Peu avant sa disparition en septembre 1997 à l’âge de 93 ans, El-Hadji Abdoul Aziz Sy, en visite à Khombole (98 Km), faisait ce témoignage sur son neveu qui allait lui succéder au califat général : ’’Si le feu consumait tous nos écrits à Tivaouane, Serigne Mansour (Sy) pourrait les réécrire de mémoire’’.
Serigne Mansour Sy, âgé de 83 ans, continue de dégager une fière allure, même si l’âge et la petite santé commencent à lui jouer des tours. Sa singulière vigueur tiendrait certainement de son passage sous les drapeaux (français). Le défunt homme politique Amadou Ongué Ndiaye, pourtant disciple de son père Khalifa Ababacar Sy, se plaisait à ’’dénoncer’’, a posteriori, le régime de faveur dont il avait bénéficié durant leur incorporation à Kaolack.
Après avoir été interné dans un l’hôpital de la banlieue de Paris, Serigne Mansour Sy était en convalescence dans un hôtel parisien. Pour les besoins du Gamou, il est rentré, notamment pour démentir la rumeur qui a enflé en janvier, distillant des inquiétudes sur son état de santé.

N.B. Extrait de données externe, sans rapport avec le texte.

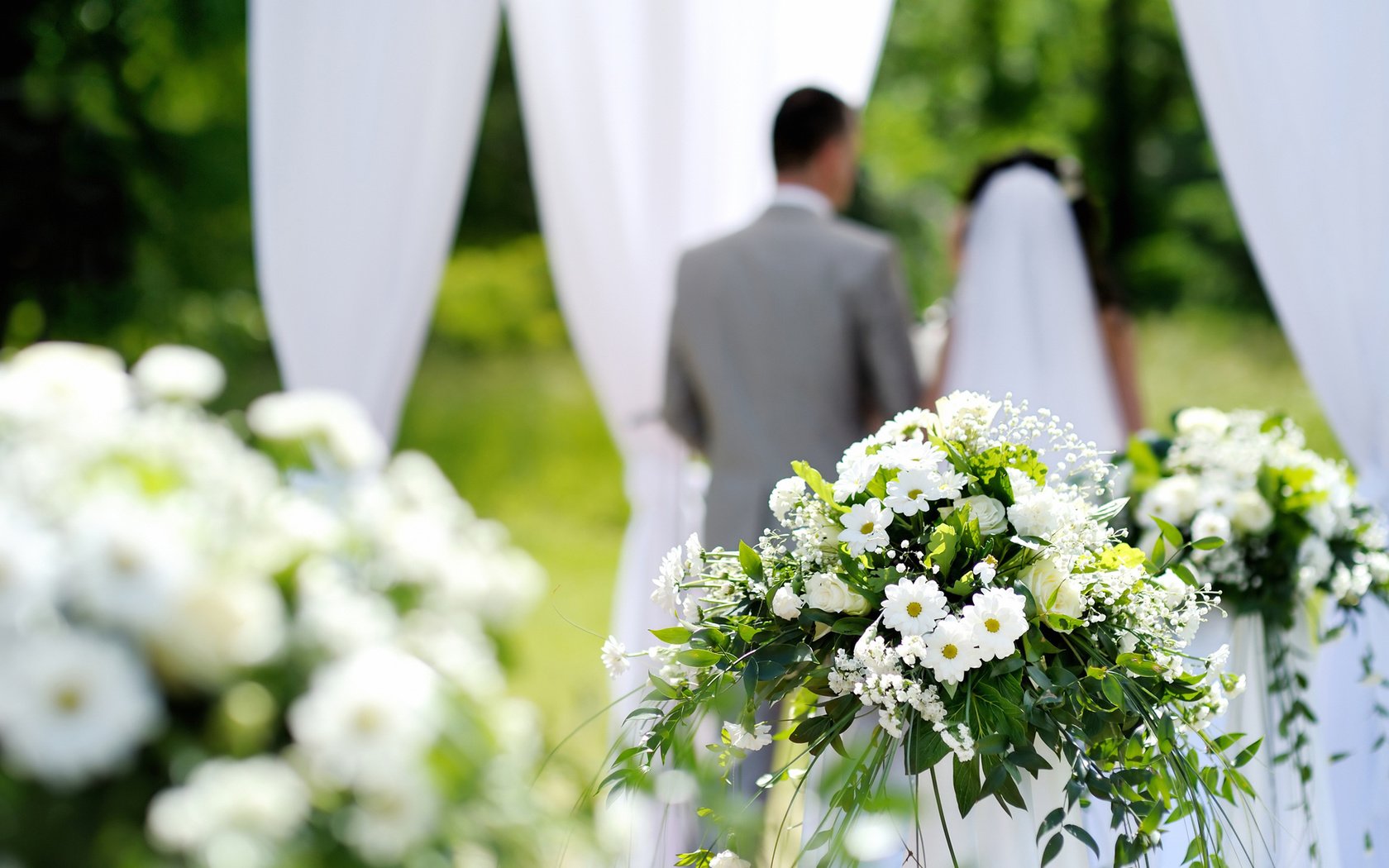 Обои цветы, природа, жених, свадьба, невеста, flowers, nature, the groom, wedding, the bride разрешение 1920x1200 Загрузить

C’était dans un contexte d’après deuil national avec la disparition en fin d’année 2007, à 92 ans, de Serigne Saliou Mbacké, khalife général des mourides.
’’Le Sénégal restera un pays de paix, au regard de tous les saints qui y reposent’’, disait Serigne Mansour Sy, en avril 2007, année de tumulte électoral, à l’édition 2007 du Maouloud à Tivaouane.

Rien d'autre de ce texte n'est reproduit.